[petsc-users] Problem about optimized version
Barry Smith
bsmith at petsc.dev
Wed Aug 31 09:00:40 CDT 2022
Please send configure.log and make.log to petsc-maint at mcs.anl.gov <mailto:petsc-maint at mcs.anl.gov> (too large for petsc-users)
Did you use the exact same configure options for the optimized and debugger versions of PETSc except for the option --with-debugging=no ?
The "is processed by two cores serially, not in parallel", usually comes from using a different mpiexec than the one associated with the MPI library that you linked against.
Verify that you use the mpiexec in /public3/soft/mpich/mpich-3.4.2/bin also
verify that the MPI libraries linked codes can actually be run on the front-end; it may be that such executables can only be run on compute nodes in your system.
cd src/snes/tutorials/; make ex19 and try running that code with mpiexec
Barry
> On Aug 31, 2022, at 9:39 AM, wangxq2020--- via petsc-users <petsc-users at mcs.anl.gov> wrote:
>
> Hi
> I run the program on the debuged version of PETSC successfuly. Then I want using the optimized version. And configure by ./configure --with-debugging=no --with-packages-download-dir=~/packages_dir --with-mpich-dir="/public3/soft/mpich/mpich-3.4.2". Then I installed the Hypre package by ./configure --download-hypre=/public3/home/scg6368/packages_dir/hypre-2.24.0.tar.gz --with-mpich-dir="/public3/soft/mpich/mpich-3.4.2"
> . The result as below
>
> =============================================================================================
> Configuring PETSc to compile on your system
> =============================================================================================
> ============================================================================================= ***** WARNING: You have a version of GNU make older than 4.0. It will work, but may not support all the parallel testing options. You can install the latest GNU make with your package manager, such as brew or macports, or use the --download-make option to get the latest GNU make ***** ============================================================================================= ============================================================================================= Running configure on HYPRE; this may take several minutes ============================================================================================= ============================================================================================= Running make on HYPRE; this may take several minutes ============================================================================================= ============================================================================================= Running make install on HYPRE; this may take several minutes ============================================================================================= Compilers:
> C Compiler: /public3/soft/mpich/mpich-3.4.2/bin/mpicc -fPIC -Wall -Wwrite-strings -Wno-unknown-pragmas -Wno-lto-type-mismatch -fstack-protector -fvisibility=hidden -g3 -O0
> Version: gcc (GCC) 4.8.5 20150623 (Red Hat 4.8.5-44)

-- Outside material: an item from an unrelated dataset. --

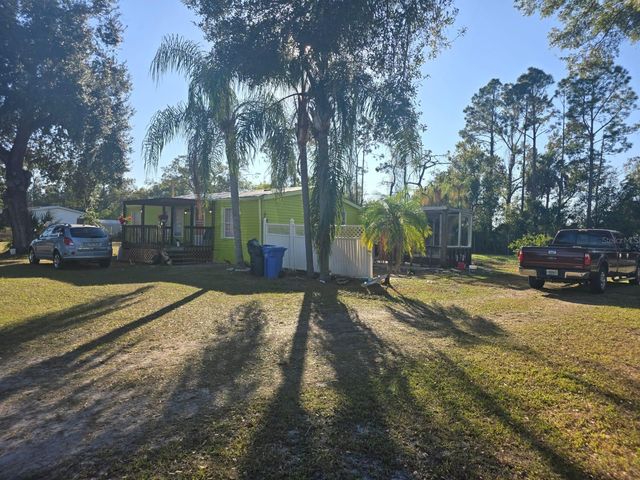 8013 FORMBY STREET, Riverview, FL 33578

> C++ Compiler: /public3/soft/mpich/mpich-3.4.2/bin/mpicxx -Wall -Wwrite-strings -Wno-strict-aliasing -Wno-unknown-pragmas -Wno-lto-type-mismatch -fstack-protector -fvisibility=hidden -g -O0 -std=gnu++11 -fPIC
> Version: g++ (GCC) 4.8.5 20150623 (Red Hat 4.8.5-44)
> Fortran Compiler: /public3/soft/mpich/mpich-3.4.2/bin/mpif90 -fPIC -Wall -ffree-line-length-0 -Wno-lto-type-mismatch -Wno-unused-dummy-argument -g -O0
> Version: GNU Fortran (GCC) 4.8.5 20150623 (Red Hat 4.8.5-44)
> Linkers:
> Shared linker: /public3/soft/mpich/mpich-3.4.2/bin/mpicc -shared -fPIC -Wall -Wwrite-strings -Wno-unknown-pragmas -Wno-lto-type-mismatch -fstack-protector -fvisibility=hidden -g3 -O0
> Dynamic linker: /public3/soft/mpich/mpich-3.4.2/bin/mpicc -shared -fPIC -Wall -Wwrite-strings -Wno-unknown-pragmas -Wno-lto-type-mismatch -fstack-protector -fvisibility=hidden -g3 -O0
> Libraries linked against: -lquadmath -lstdc++ -ldl
> BlasLapack:
> Library: -llapack -lblas
> Unknown if this uses OpenMP (try export OMP_NUM_THREADS=<1-4> yourprogram -log_view)
> uses 4 byte integers
> MPI:
> Version: 3
> Includes: -I/public3/soft/mpich/mpich-3.4.2/include
> mpiexec: /public3/soft/mpich/mpich-3.4.2/bin/mpiexec
> Implementation: mpich3
> MPICH_NUMVERSION: 30402300
> X:
> Library: -lX11
> pthread:
> Library: -lpthread
> cmake:
> Version: 2.8.12
> /usr/bin/cmake
> hypre:
> Version: 2.24.0
> Includes: -I/public3/home/scg6368/petsc-3.17.2-opt/arch-linux-c-debug/include
> Library: -Wl,-rpath,/public3/home/scg6368/petsc-3.17.2-opt/arch-linux-c-debug/lib -L/public3/home/scg6368/petsc-3.17.2-opt/arch-linux-c-debug/lib -lHYPRE
> regex:
> Language used to compile PETSc: C
> PETSc:
> PETSC_ARCH: arch-linux-c-debug
> PETSC_DIR: /public3/home/scg6368/petsc-3.17.2-opt
> Prefix: <inplace installation>
> Scalar type: real
> Precision: double
> Support for __float128
> Integer size: 4 bytes
> Single library: yes
> Shared libraries: yes
> Memory alignment from malloc(): 16 bytes
> Using GNU make: /usr/bin/gmake
> xxx=========================================================================xxx
> Configure stage complete. Now build PETSc libraries with:
> make PETSC_DIR=/public3/home/scg6368/petsc-3.17.2-opt PETSC_ARCH=arch-linux-c-debug all
> xxx=========================================================================xxx
> [scg6368 at ln1:~/petsc-3.17.2-opt]$ make PETSC_DIR=/public3/home/scg6368/petsc-3.17.2-opt PETSC_ARCH=arch-linux-c-debug all
>
> But after I compiled the C file, run the program on the login node by mpiexec -n 2 ./test37. It appears that the program is processed by two cores serially, not in parallel. The result is
> INITIALIZATION TO COMPUTE INITIAL PRESSURE TO CREATE FRACTURE WITH INITIAL VOLUME AT INJECTION RATE = 0.000000e+00 ......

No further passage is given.